> **THE DATA**
§ §
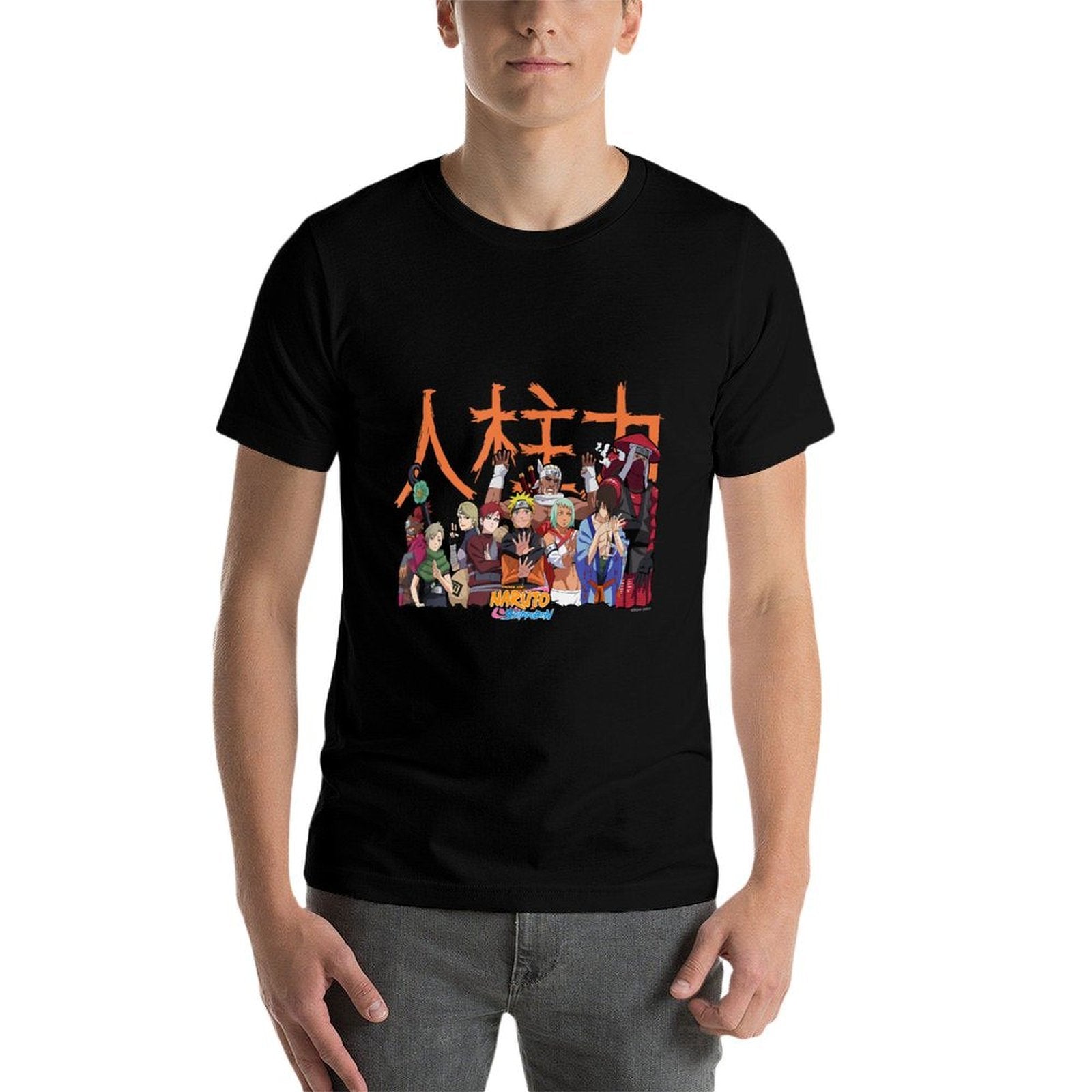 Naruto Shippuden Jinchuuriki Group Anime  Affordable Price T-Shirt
§ §
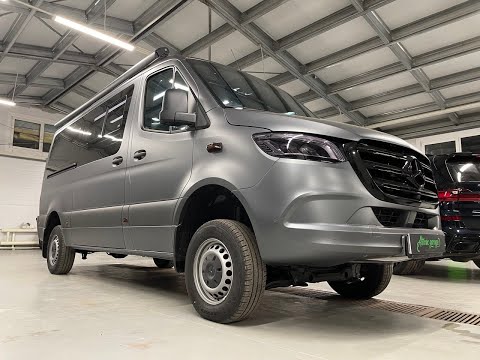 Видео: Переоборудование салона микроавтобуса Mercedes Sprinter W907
§ §
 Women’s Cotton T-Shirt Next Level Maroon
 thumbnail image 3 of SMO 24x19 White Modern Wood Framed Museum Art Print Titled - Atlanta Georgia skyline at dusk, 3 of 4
§ §
> **WHAT THE EXERCISE ASKS**
Would you retype the lines above from the one with "Women’s Cotton T-Shirt Next Level Maroon" down to the one with "thumbnail image 3", word for word, both ends included and no other lines?

> **SOLUTION TO THIS EXERCISE**
 Women’s Cotton T-Shirt Next Level Maroon
 thumbnail image 3 of SMO 24x19 White Modern Wood Framed Museum Art Print Titled - Atlanta Georgia skyline at dusk, 3 of 4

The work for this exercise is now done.